### Task prompt
In the data below, find the line containing "Reafirma Gobierno de" and the line containing "t01e070221e23f7449e t01e070221e23f7449e", then reproduce them and every line between, exactly. Omit pictures.

### Supplied material

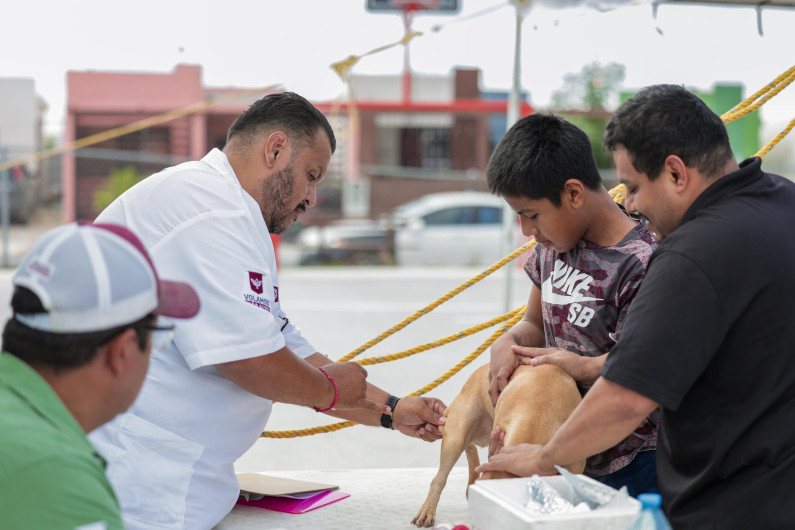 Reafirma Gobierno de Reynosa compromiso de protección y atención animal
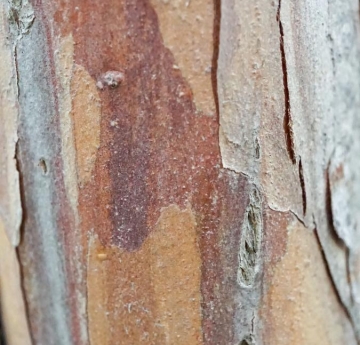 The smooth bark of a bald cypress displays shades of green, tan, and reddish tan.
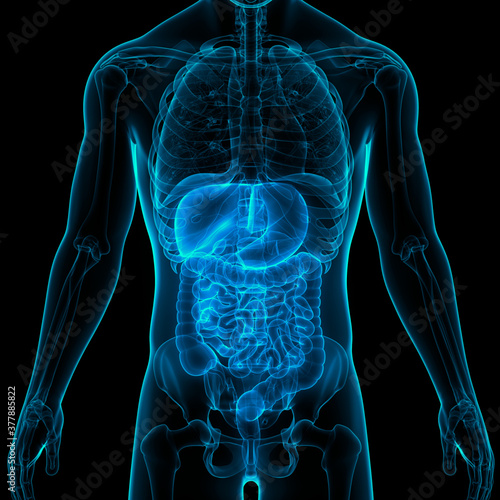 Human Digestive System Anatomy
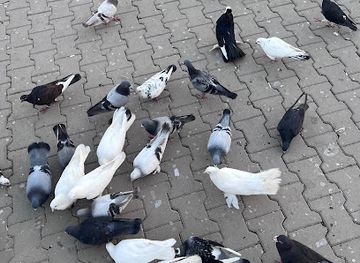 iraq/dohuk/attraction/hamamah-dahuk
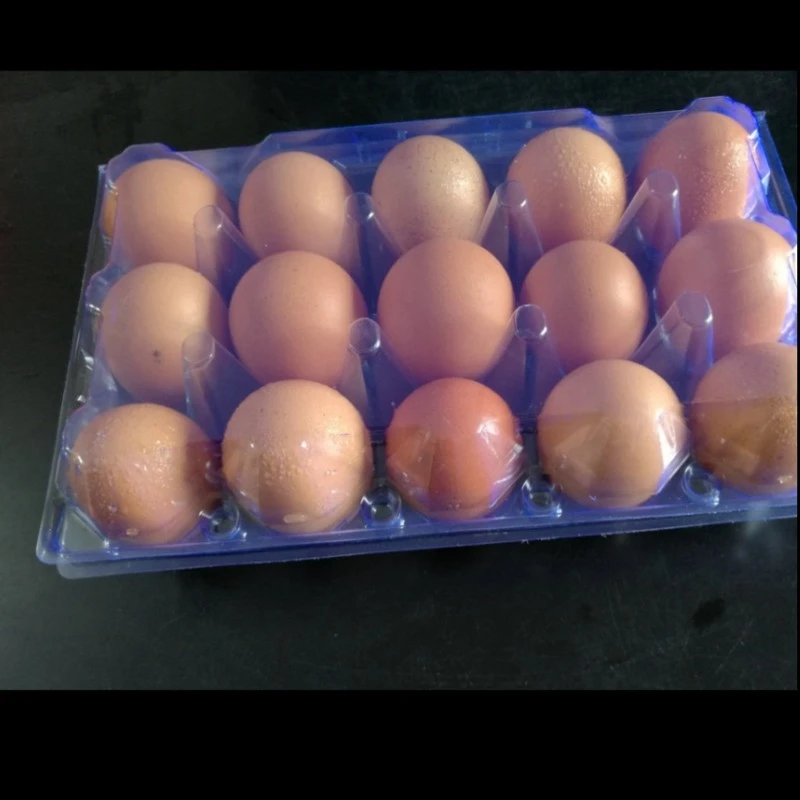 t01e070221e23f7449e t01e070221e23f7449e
--
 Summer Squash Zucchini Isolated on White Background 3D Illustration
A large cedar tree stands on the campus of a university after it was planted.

### The completed task
 Reafirma Gobierno de Reynosa compromiso de protección y atención animal
 The smooth bark of a bald cypress displays shades of green, tan, and reddish tan.
 Human Digestive System Anatomy
 iraq/dohuk/attraction/hamamah-dahuk
 t01e070221e23f7449e t01e070221e23f7449e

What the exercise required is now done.